John J. Hickton, Dist. Atty., Charles W. Johns, Robert L. Campbell, Robert L. Eberhardt, Asst. Dist. Attys., Pittsburgh, for appellant.

Thomas A. Livingston, Dennis J. Clark, Pittsburgh, for appellee.

Eagen, O'Brien, Roberts, Pomeroy, Nix and Manderino, JJ. Jones, C. J., did not participate in the consideration or decision of this case. Manderino, J., filed a dissenting opinion.

Author: Nix

[ 469 Pa. Page 225]


On March 13, 1972, appellee Frank McKetta was tried before a jury in the Court of Common Pleas, Allegheny County for possession of dangerous drugs and dealing in dangerous drugs, in violation of the Drug, Device and Cosmetic Act, Act of September 26, 1961, P.L. 1664, 35 P.S. § 780-1 et seq., (now repealed, Act of April 14, 1972, P.L. 233, No. 64, § 43, 35 P.S. § 780-101 et seq.).*fn1 The specific drug with which appellee was charged with possessing and dispensing was the substance known as Ritalin. During the course of the trial, the question arose as to whether Ritalin was in fact a "dangerous drug" within the meaning of the statute. After hearing testimony outside the presence of the jury, the trial court ruled as a matter of law, that Ritalin did fall within the statutory definition of a dangerous drug and so instructed the jury during the charge. Thereafter, a verdict of guilty was returned on these counts.

Following argument on post-trial motions the trial court granted appellee's motion for a new trial. The assigned reason for this action was that the trial judge believed he had committed error by failing to allow the jury to determine whether the substance in question was a dangerous drug under the Act, supra. The ruling was appealed by the Commonwealth to the Superior Court, which affirmed the order per curiam. Commonwealth v. McKetta, 231 Pa. Super. 770, 331 A.2d 539 (1975). This court granted the Commonwealth's request for review and this appeal followed.

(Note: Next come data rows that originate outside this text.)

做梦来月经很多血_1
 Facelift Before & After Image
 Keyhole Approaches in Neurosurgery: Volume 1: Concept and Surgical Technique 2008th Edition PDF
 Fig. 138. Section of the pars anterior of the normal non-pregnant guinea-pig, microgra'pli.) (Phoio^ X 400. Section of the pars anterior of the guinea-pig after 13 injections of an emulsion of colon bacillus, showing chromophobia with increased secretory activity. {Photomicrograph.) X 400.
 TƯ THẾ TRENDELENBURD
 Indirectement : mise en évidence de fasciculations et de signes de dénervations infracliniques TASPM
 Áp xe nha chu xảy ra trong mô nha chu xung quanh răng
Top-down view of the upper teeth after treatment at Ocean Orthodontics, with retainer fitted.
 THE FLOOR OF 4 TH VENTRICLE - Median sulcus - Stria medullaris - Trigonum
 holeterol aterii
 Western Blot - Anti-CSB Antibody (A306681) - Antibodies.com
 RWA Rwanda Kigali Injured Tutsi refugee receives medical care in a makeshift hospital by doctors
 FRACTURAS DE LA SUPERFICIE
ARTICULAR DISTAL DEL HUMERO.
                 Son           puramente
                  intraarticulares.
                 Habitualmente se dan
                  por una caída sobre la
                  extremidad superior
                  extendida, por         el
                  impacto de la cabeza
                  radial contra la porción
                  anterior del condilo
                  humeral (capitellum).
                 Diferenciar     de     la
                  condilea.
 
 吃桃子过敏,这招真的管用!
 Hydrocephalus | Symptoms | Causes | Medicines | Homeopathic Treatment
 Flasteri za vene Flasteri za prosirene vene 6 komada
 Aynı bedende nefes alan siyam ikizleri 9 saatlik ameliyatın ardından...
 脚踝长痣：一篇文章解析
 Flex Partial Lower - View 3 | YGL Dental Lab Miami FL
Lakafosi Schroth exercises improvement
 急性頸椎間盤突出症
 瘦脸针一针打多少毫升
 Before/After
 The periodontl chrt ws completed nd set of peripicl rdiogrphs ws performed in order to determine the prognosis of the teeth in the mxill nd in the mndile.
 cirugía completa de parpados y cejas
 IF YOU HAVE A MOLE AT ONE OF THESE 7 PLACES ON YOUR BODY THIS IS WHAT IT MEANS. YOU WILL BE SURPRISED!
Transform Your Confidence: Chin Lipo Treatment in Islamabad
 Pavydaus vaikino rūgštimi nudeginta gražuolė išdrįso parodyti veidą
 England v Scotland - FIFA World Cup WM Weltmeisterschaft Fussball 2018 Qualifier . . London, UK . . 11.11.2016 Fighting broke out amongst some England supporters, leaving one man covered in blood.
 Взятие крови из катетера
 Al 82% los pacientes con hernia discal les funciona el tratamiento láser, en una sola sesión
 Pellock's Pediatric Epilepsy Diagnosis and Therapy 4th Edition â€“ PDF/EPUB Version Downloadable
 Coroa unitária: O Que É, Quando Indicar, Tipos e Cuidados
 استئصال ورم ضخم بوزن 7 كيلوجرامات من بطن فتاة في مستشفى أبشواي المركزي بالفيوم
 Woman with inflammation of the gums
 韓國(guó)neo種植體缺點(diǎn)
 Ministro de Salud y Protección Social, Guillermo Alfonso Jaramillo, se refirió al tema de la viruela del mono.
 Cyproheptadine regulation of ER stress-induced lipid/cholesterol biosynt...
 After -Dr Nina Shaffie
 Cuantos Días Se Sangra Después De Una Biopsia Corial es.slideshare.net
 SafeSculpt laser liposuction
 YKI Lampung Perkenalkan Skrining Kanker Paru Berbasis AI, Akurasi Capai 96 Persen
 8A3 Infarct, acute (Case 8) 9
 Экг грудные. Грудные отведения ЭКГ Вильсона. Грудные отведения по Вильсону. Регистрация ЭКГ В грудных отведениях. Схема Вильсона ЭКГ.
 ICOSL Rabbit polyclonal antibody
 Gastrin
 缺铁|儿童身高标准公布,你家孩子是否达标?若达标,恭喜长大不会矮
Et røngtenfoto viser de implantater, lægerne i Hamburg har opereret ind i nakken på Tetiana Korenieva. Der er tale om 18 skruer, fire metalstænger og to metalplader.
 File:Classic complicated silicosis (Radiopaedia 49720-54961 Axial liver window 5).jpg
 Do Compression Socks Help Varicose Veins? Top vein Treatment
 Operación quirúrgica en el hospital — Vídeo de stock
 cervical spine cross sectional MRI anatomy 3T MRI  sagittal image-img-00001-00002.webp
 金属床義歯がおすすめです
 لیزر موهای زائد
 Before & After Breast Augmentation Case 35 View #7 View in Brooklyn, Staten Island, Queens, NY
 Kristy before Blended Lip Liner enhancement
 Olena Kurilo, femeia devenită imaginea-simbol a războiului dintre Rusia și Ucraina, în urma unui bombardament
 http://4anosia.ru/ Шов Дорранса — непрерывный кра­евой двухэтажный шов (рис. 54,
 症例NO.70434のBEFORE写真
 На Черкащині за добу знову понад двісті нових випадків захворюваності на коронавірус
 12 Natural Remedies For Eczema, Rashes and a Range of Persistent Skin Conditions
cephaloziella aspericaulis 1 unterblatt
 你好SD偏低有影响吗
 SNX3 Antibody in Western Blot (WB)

The trial court framed the issue as a challenge to the charge. In its view the charge was in error in that it did not instruct the jurors of their responsibility to decide

[ 469 Pa. Page 226]

    the question of whether Ritalin was, in fact, a "dangerous drug" within the meaning of the Pennsylvania Drug, Device and Cosmetic Act, supra. This would appear at first blush to present a problem since neither the defense nor the Commonwealth filed exceptions to the charge as given. We must consider, therefore, whether the matter was an appropriate subject for consideration on post-trial motions. Our cases have made it clear that trial judges should not consider challenges to a charge where the provisions of Pennsylvania Rule of Criminal Procedure 1119(b) have been ignored. Commonwealth v. Branham, 467 Pa. 605, 359 A.2d 766 (1976); Commonwealth v. O'Searo, 466 Pa. 224, 352 A.2d 30 (1976); Commonwealth v. McNeil, 461 Pa. 709, 337 A.2d 840 (1975); Commonwealth v. Waltington, 452 Pa. 524, 306 A.2d 892 (1974); Commonwealth v. Clair, 458 Pa. 418, 326 A.2d 272 (1974).*fn2

Nevertheless, we are of the view under the instant facts that the issue was properly preserved and that the trial court was correct in addressing this question on post-trial motions. At the conclusion of the hearing, during which the jury had been excluded, the court stated its finding that Ritalin was a "dangerous drug" and that the Commonwealth was not required to offer testimony before the jury on this subject. An exception to this ruling was properly noted for the record. It is this properly preserved objection and not an omission in the charge which in fact forms the basis of the instant challenge.

[ 469 Pa. Page 227]

Turning next to the merits of the issue we acknowledge that appellee and the trial court are undoubtedly correct in their assertion that an issue of fact must be resolved by the jury and that a court cannot intrude upon this function. Schaefer v. United States, 251 U.S. 466, 40 S.Ct. 259, 64 L.Ed. 360 (1920); General Electric Credit Corporation v. Aetna Casualty & Surety Co., 437 Pa. 463, 480, n. 21, 263 A.2d 448, 458, n. 21 (1970). It is equally axiomatic that questions of law are for the court to decide and not the jury. Schofield Discipline Case, 362 Pa. 201, 218-219, 66 A.2d 675, 683 (1949). Our difference with the result reached by the court below stems from our belief that the question presented was one of law and therefore solely within the province of the court to resolve.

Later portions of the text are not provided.